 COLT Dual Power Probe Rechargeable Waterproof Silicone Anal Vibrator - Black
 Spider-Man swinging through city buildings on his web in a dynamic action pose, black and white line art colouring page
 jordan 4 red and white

== == ==

Your objective
What lines of the listing above hold "white"? Copy all of them.

Written response
 Spider-Man swinging through city buildings on his web in a dynamic action pose, black and white line art colouring page
 jordan 4 red and white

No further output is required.